That said, open conversations about salary effectively force organizations to be clear and prescriptive about employee compensation. Talent professionals have to make data-driven decisions on a compensation philosophy and process, which reduces the effects of unconscious bias in base-salary, negotiation, raise and promotion decisions. Salary transparency is an essential part of a holistic diversity, equity and inclusion program and a piece of the employee engagement puzzle.
So, what if we viewed the negative outcomes of salary transparency as an opportunity, and a signal for the need to conduct an internal analysis on pay equity and compensation practices?
The impact of a well-defined and equitable compensation philosophy is tangible inside and outside of the organization:
- Openness cultivates a sense of fairness and an environment where employees are more likely to trust their leaders, driving commitment and the motivation to do their best work.
- Clearly explaining base-pay decisions and raise and promotion criteria makes it easier for employees understand and accept their salary.

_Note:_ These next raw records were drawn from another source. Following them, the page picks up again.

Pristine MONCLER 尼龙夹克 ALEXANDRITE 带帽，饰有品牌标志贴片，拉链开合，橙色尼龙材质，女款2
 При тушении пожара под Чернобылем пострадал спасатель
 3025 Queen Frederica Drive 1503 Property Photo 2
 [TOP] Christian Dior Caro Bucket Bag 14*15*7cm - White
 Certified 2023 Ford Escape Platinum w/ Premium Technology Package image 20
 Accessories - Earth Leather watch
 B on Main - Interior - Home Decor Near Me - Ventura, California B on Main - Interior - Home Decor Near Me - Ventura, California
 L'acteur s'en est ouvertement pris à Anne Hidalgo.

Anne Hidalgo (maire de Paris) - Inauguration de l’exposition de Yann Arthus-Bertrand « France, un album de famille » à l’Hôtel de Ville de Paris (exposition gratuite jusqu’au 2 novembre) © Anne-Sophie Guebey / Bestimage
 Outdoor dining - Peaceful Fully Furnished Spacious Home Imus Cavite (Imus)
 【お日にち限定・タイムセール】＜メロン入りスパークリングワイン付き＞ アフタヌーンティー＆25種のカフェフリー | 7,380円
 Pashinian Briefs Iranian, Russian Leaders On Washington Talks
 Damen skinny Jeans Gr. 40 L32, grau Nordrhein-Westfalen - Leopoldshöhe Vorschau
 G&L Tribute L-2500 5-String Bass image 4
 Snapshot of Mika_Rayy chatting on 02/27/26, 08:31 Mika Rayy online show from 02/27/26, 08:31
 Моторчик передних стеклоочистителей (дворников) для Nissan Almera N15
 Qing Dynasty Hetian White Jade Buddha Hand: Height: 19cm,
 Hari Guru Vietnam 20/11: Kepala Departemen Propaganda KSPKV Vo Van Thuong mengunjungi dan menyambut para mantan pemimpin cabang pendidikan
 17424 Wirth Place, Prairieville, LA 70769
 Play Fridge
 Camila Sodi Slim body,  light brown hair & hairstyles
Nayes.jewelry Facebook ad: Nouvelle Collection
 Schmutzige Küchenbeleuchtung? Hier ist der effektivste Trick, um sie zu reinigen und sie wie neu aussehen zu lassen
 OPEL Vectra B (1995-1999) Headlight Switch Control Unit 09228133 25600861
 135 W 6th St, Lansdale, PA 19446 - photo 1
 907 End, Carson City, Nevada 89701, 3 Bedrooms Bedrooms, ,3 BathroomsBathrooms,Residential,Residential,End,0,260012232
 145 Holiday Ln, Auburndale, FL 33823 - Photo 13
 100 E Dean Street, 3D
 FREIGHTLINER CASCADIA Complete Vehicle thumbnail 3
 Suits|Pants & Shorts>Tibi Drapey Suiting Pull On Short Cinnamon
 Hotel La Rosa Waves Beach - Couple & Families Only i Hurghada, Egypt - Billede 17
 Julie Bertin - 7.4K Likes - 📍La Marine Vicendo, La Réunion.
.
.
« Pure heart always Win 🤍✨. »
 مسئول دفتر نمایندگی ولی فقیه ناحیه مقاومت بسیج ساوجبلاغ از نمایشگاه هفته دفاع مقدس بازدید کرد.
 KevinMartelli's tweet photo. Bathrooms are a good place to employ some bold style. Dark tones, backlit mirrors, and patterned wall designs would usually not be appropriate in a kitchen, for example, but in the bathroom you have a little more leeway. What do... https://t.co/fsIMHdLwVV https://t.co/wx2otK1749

- Helping to ensure equal pay for women and people of color would reduce poverty for working women by more than 40 percent and increase earning power for people of color to help alleviate generational wealth disparities.
What does this look like in practice?
At Brilliant Ink, we practice partial salary transparency – all employees are made aware of the salary bands for each role across the company. This awareness includes information on how decisions are made, which contributes to a culture of openness and trust. There is a neutral attitude about salary conversations between colleagues, giving everyone the freedom to discuss or not discuss their salary based on their level of comfort.
Companies that practice full salary transparency allow every member of staff to see what their colleagues are making. This approach is understandably seen as radical, but it does work for some.
If you’re an individual employee, consider what your goals are in sharing your salary with a colleague, and make a plan for how you can appropriately respond if you learn something unexpected (here are some tips on how to talk about money). Be realistic and practice emotional intelligence. Know that everyone brings different relevant skills that may increase their salary. Acknowledge that your salary defines what your job is worth, not what you are worth.
If you’re a leader or talent professional, check out these resources on salary transparency, pay equity and compensation philosophy:
- 2019 Global Talent Trends – Pay Transparency (LinkedIn)
- How to Ensure Pay Equity for People of Color (HR Magazine)
- The Racial Wage Gap Persists in 2020 (PayScale)
- What Is a Compensation Philosophy? What Should Be Included in a Compensation Philosophy? (SHRM)
- 9 Management Tips for Clear Compensation Communication (Lindenberg Group)
There is no one right way to approach salary transparency, but it’s clear there’s a huge opportunity. How does your organization approach salary transparency now, and how could an intentional, transparent approach help amplify existing positive cultural attributes?